● Information supplied:
=== Section Start ===

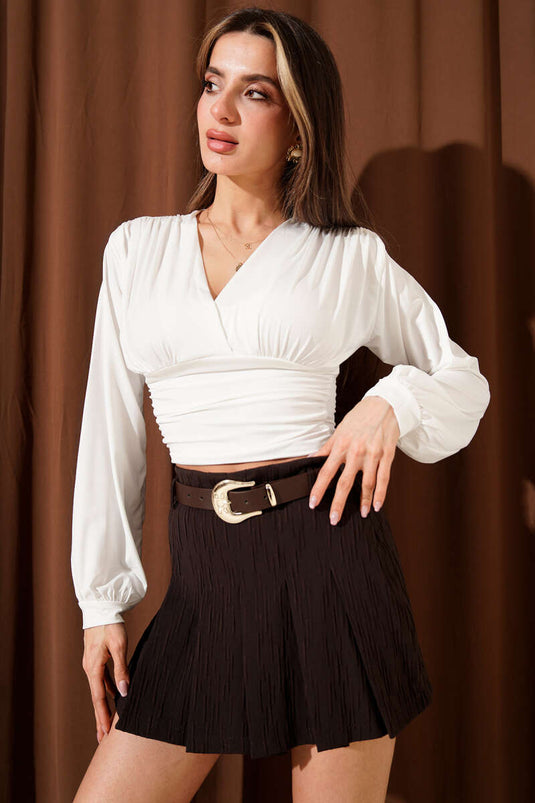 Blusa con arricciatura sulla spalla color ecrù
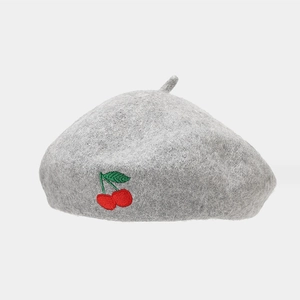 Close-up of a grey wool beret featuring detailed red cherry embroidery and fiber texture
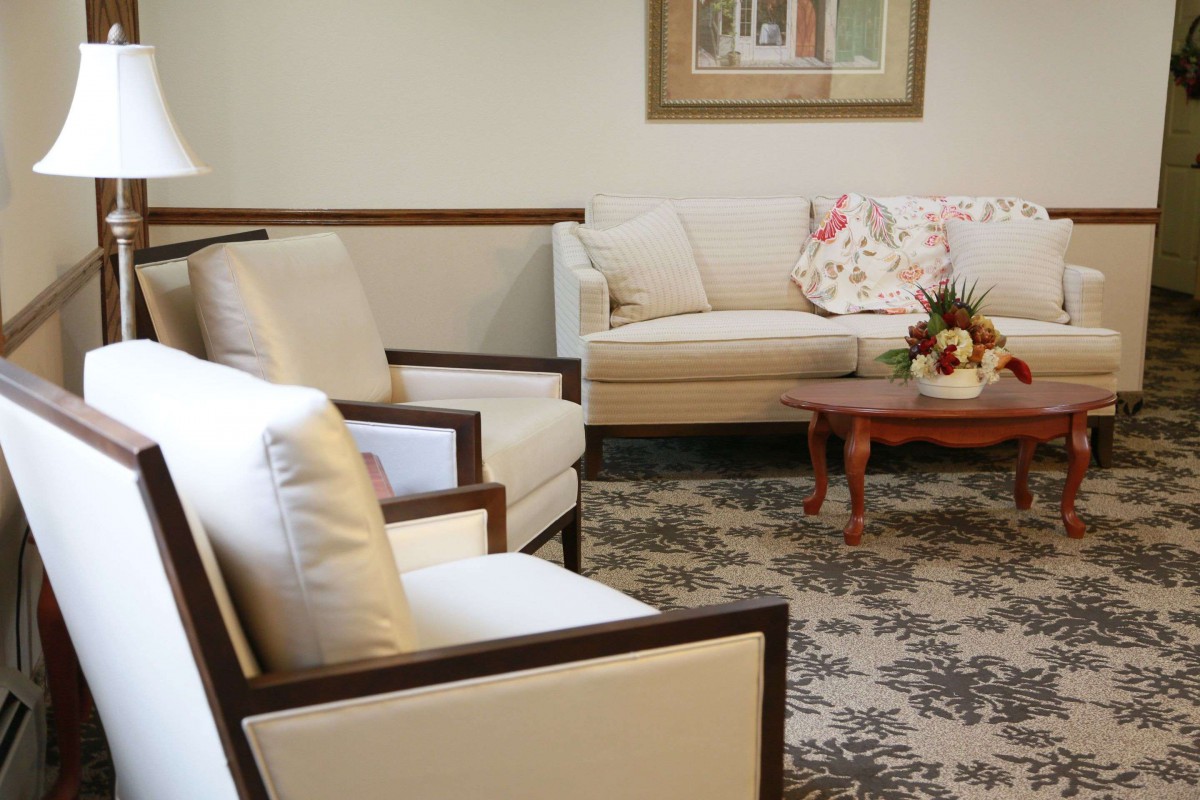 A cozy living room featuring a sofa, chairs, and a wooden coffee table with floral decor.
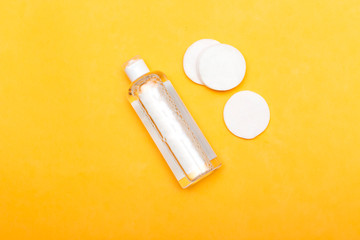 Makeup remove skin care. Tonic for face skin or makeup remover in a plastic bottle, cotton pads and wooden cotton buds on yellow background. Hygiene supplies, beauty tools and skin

=== Section End ===

● Action item:
What's needed is every line above, retyped exactly and free of pictures.

● Your response:
 Blusa con arricciatura sulla spalla color ecrù
 Close-up of a grey wool beret featuring detailed red cherry embroidery and fiber texture
 A cozy living room featuring a sofa, chairs, and a wooden coffee table with floral decor.
 Makeup remove skin care. Tonic for face skin or makeup remover in a plastic bottle, cotton pads and wooden cotton buds on yellow background. Hygiene supplies, beauty tools and skin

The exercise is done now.